By the feed/speed logic I related just above, it would not make sense to have twice as many cutters unless you can slow the rotation down by half. As a result, I'm wondering if it is largely a marketing ploy? I can't imagine that you are going to get a "better cut" just because you have twice as many cutters. In fact, if you can't slow the rotation enough, you will get burning more easily and dull the cutters faster.

If you can, indeed, slow the router down so that the bit is still cutting properly for your feed rate, having twice as many cutters could be a good investment. That assumes you are going to wear out the cutters multiple times and eventually need a whole new bit. 
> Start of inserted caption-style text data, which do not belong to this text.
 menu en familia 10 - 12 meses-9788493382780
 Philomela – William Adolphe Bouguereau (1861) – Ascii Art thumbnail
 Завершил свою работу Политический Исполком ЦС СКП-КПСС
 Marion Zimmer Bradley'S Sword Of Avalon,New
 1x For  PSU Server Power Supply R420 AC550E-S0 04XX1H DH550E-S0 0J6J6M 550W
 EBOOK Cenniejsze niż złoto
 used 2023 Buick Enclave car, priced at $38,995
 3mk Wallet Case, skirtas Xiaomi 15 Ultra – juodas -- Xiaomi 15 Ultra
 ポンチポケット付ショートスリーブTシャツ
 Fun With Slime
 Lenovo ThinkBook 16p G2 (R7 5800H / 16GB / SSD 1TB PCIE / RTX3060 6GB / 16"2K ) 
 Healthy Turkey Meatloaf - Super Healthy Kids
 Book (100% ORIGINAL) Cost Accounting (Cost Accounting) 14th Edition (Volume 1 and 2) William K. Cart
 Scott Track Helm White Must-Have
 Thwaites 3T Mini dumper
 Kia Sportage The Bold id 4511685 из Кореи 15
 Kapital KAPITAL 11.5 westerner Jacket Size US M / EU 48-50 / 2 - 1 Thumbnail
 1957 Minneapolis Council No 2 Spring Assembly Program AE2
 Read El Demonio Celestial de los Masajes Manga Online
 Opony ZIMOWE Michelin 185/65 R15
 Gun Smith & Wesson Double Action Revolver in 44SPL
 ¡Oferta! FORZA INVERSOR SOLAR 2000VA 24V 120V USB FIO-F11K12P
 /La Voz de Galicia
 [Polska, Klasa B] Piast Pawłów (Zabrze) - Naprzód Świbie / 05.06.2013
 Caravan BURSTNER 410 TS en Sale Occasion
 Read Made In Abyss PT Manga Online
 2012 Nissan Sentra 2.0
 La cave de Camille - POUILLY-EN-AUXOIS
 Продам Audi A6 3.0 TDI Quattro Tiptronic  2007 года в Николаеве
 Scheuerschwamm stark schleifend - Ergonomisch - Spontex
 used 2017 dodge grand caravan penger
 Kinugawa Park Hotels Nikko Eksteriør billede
The reason I say this is that the cutters are only part of the cost of a bit, the body of the bit is a significant portion of the cost so having to change the body half as often, saves money. It's the same logic with buying bits that have replaceable cutters. If you use a bit enough, the higher initial cost eventually becomes a lower lifetime cost because you never pay to replace the body of the bit.


Tom


----------



## ayesha irshad (Dec 3, 2012)

why you dont color it in some dark color and hide the stain??


----------



## Dmeadows (Jun 28, 2011)

Tool Home LLC said:


> I haven't used the Quadra bits but I know Freud generally makes good bits...
> 
> By the feed/speed logic I related just above, it would not make sense to have twice as many cutters unless you can slow the rotation down by half. As a result, I'm wondering if it is largely a marketing ploy? I can't imagine that you are going to get a "better cut" just because you have twice as many cutters. In fact, if you can't slow the rotation enough, you will get burning more easily and dull the cutters faster.
> 
> ...


A quadra bit has extra cutters with angles optimized for different parts of the profile.. it's not simply having 4 cutters instead of two! This is to eliminate the "fuzzing" that many bits produce.


----------